There was a good turnout to the event, held in the ballroom of the Guildhall Arts Centre.
Mr Hodgson spoke passionately about the town and told members he wants to see the club do its bit to “get things done” in the town, in part by holding the local authority to account where necessary.
He said of the club: “I want this to be the place where all businesses come, big or small,” adding: “We have massive experience in this room we can share with each other.”
He talked about the “many exciting ideas for Grantham” before making a light-hearted dig about the timescale for the new multiplex cinema, which has been delayed several times.
Mr Hodgson said: “We need to think positive and we need to be supportive and we need to challenge but do it in a positive way.”
Speakers on the evening were strategic director for development and growth at South Kesteven District Council Steve Ingram, executive member for highways and transportation at Lincolnshire County Council Richard Davies and Simon Beardsley, chief executive of Lincolnshire Chamber of Commerce.

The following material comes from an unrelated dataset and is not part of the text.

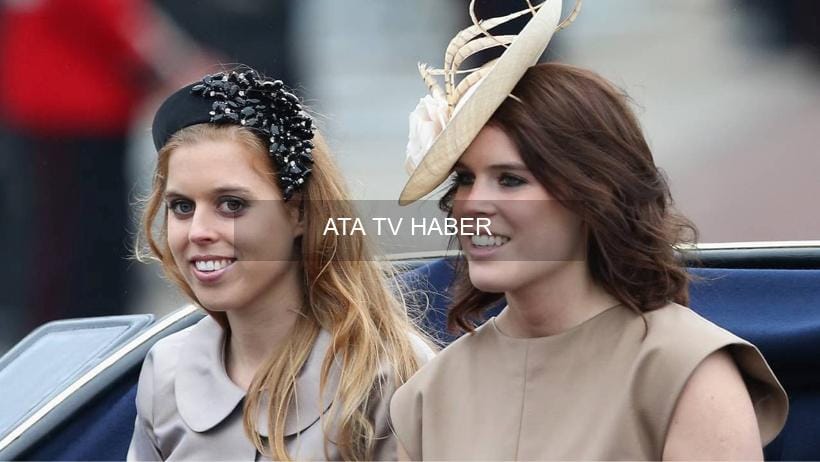 Andrew ve Kraliyet Mülkleri: Beatrice ile Eugenie’nin Yıllardır Kira Ödemediği İddiası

First to speak was Mr Ingram, who talked about ambitious plans for Grantham, which he called a “leading sub-regional centre” and second in the county only to the city of Lincoln. He touched on the designer shopping outlet to be built on the edge of Grantham, the leisure quarter where the new cinema and associated restaurants are to be built and the garden village on the town’s southern quadrant site.

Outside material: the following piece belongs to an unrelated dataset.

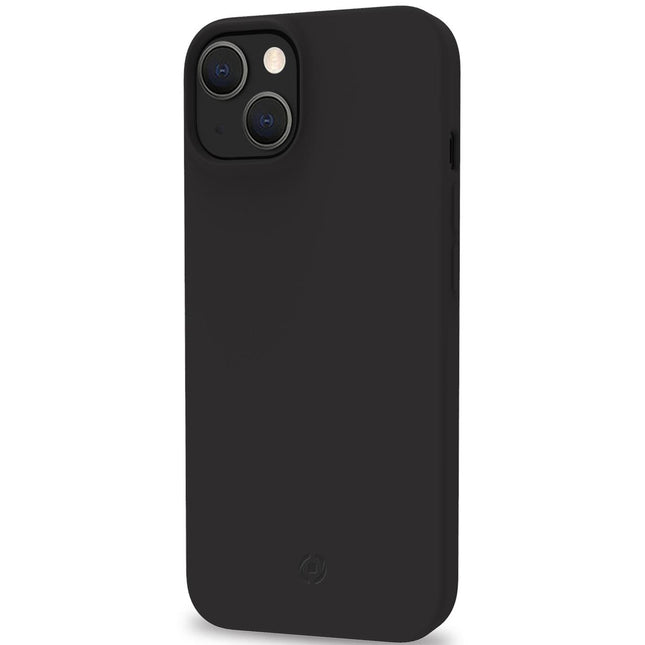 Planet Soft TPU-Cover GRS iPhone 14 Plus Answer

Business club members heard how SKDC is working on a plan for the district for at least the next 15 years, which for Grantham includes new housing on a large scale.
Mr Ingram said of the district’s development: “The majority of growth will be in Grantham.”
Plans for the area around the town’s railway station were also mooted, including a development of town houses aimed at commuters.
Next to take the microphone was Coun Davies, who whizzed through some of the hot topics locally – including potholes, the bypass and parking issues in Westgate and Market Place.
Perhaps more interestingly were ideas he put forward for the future of St Peter’s Hill in Grantham, which he referred to as a “dual carriageway”. Ideas included creating single lanes and widening pavements, bringing the road level up to pavement level to reduce speeds and banning HGVs.
More ambitious schemes could see St Peter’s Hill feature bus and taxi ranks in a modern, more space-efficient layout and the bus station razed to the ground and the space used for something else.
Mr Beardsley was the final speaker and he touched on business-related projects elsewhere in the county.
At the end of the night, Journal managing director Richard Parkinson presented Mr Hodgson with a framed caricature drawn by the Journal’s cartoonist Terry Shelbourne.